Adorno - Culture Industries
Theordor Adorno argued that capitalism fed people with the products of a
'culture industry' - the opposite of 'true' art in order to keep them passively
satisfied. He suggested that culture industries
(such as the music industry) produce a large mass of unsophisticated, sentimental products which
have replaced the more 'difficult' and critical art forms which might
lead people to actually question social life and society.
False needs
are cultivated in people by the culture industries. These are needs
which can be both created and satisfied by the capitalist system, and
which replace people's 'true' needs - freedom, full expression of human
potential and creativity, genuine creative happiness.

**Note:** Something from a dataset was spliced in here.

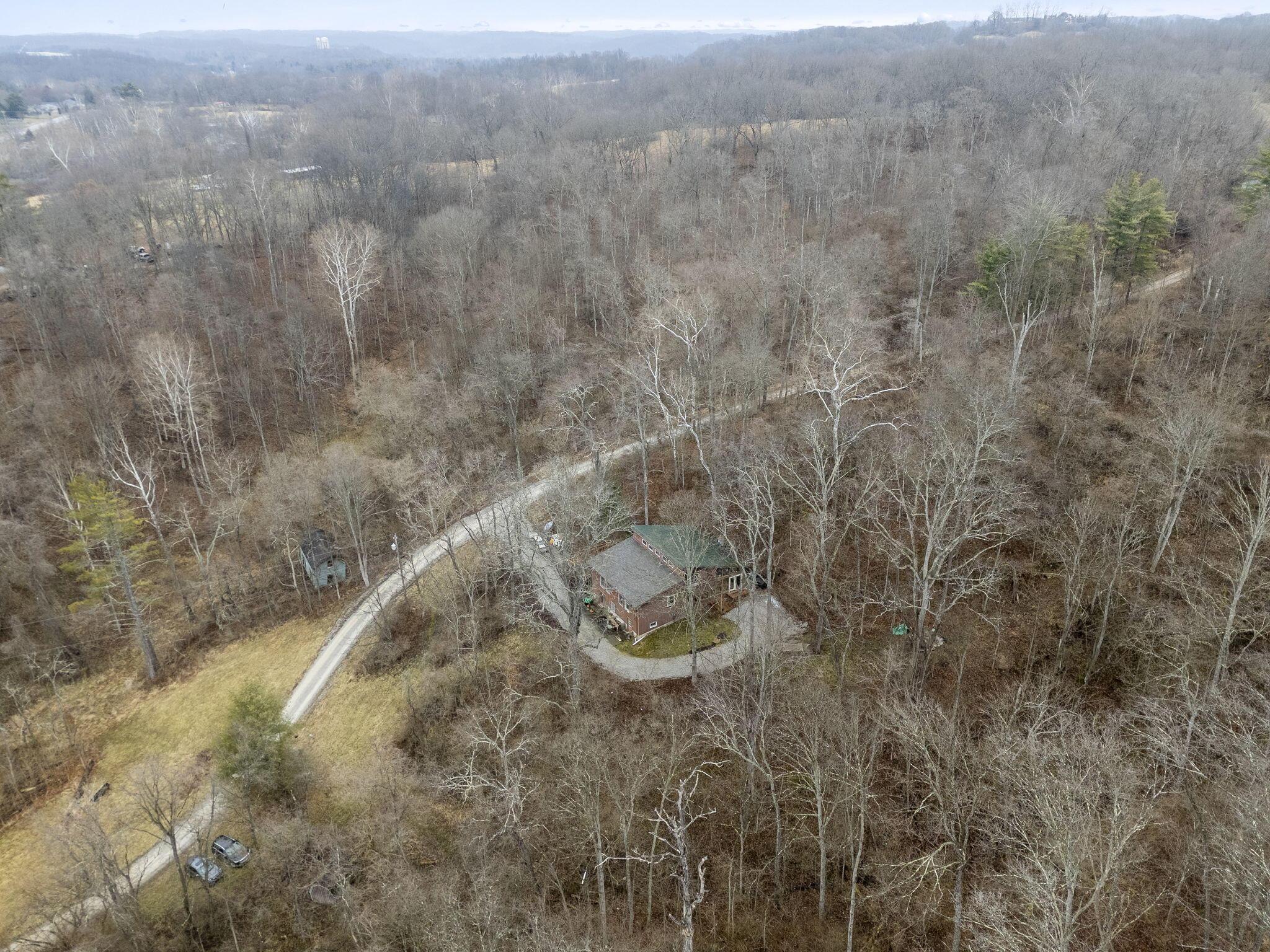 9948 State Rte 682 Athens, OH 45701 - Photo 28 of 33 119-web-or-mls-DJI_20260302125727_0010_D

These features are particularly true in the popular music industry. All popular music products are commodities to be sold to an audience who believe that they are consuming 'true' emotion.
Products
of the culture industry may be emotional or seemingly moving, but
Adorno sees this as cathartic. For example, we might seek some comfort in a sad film
or song and cry, and then feel restored and refreshed again afterwards.
Hebdige - Subcultures
Dick Hebdige views Adorno's ideas as overly pessimistic and dismissive of mass audiences as passive and easily manipulated, when they are actually capable of seeing through the illusion of the culture industry.
Hebdige
argues that consumption is an active process in which differences in
audiences' social and ideological construction lead to different
readings of the same cultural products. As
such, the audience are free to resist the power of large companies by
ignoring, undermining or finding alternative products to consume. Often this takes the form of the audience constructing themselves as distinct and individual from mainstream culture - as subcultures.
Major
companies will inevitably attempt to overtake this resistance by
attempting to provide products which these audiences or subcultures will consume. These audiences must then decide whether to accept these products or whether to resist further.